___ Information supplied ___

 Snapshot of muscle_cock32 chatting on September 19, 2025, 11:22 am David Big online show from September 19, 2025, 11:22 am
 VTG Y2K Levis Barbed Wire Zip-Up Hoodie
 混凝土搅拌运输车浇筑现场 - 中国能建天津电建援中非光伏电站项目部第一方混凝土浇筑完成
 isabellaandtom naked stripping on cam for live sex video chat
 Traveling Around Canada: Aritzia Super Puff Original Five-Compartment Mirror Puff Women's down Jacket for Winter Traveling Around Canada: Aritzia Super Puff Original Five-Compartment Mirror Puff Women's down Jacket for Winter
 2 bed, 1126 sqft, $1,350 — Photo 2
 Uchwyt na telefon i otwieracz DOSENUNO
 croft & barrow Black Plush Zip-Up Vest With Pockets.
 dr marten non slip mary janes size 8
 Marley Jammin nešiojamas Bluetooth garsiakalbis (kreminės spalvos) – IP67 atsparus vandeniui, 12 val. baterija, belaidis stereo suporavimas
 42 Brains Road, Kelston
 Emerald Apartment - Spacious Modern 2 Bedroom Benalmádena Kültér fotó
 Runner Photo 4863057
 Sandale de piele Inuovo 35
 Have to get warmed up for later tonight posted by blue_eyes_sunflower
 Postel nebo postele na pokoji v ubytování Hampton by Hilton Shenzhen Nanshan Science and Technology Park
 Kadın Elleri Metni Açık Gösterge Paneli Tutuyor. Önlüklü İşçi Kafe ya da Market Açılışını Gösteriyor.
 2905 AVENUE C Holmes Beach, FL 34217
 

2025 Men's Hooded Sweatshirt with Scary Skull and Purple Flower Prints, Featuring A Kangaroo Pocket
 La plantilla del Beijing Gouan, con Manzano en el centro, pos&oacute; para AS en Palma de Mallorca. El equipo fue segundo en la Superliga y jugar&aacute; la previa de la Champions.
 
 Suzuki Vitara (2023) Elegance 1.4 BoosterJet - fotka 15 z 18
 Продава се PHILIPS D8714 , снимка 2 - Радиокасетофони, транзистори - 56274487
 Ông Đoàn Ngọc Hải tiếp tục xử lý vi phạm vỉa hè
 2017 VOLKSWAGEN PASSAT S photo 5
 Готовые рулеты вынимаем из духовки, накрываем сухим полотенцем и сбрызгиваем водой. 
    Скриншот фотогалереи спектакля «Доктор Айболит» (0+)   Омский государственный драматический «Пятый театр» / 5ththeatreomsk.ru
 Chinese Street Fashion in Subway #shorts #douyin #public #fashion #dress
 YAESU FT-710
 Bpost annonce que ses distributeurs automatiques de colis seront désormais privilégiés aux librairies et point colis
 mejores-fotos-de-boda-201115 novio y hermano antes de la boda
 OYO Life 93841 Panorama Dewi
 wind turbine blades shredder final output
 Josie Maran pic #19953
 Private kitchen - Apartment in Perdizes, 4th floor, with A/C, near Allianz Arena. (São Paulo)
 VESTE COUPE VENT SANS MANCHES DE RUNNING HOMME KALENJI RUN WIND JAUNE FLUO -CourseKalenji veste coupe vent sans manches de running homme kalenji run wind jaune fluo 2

___

- What is being asked
Return the span of lines in the data above that opens at the line with "La plantilla del" and closes at the line with "Suzuki Vitara (2023)", exactly, ends included, nothing else.

- Answer to the exercise
 La plantilla del Beijing Gouan, con Manzano en el centro, pos&oacute; para AS en Palma de Mallorca. El equipo fue segundo en la Superliga y jugar&aacute; la previa de la Champions.
 
 Suzuki Vitara (2023) Elegance 1.4 BoosterJet - fotka 15 z 18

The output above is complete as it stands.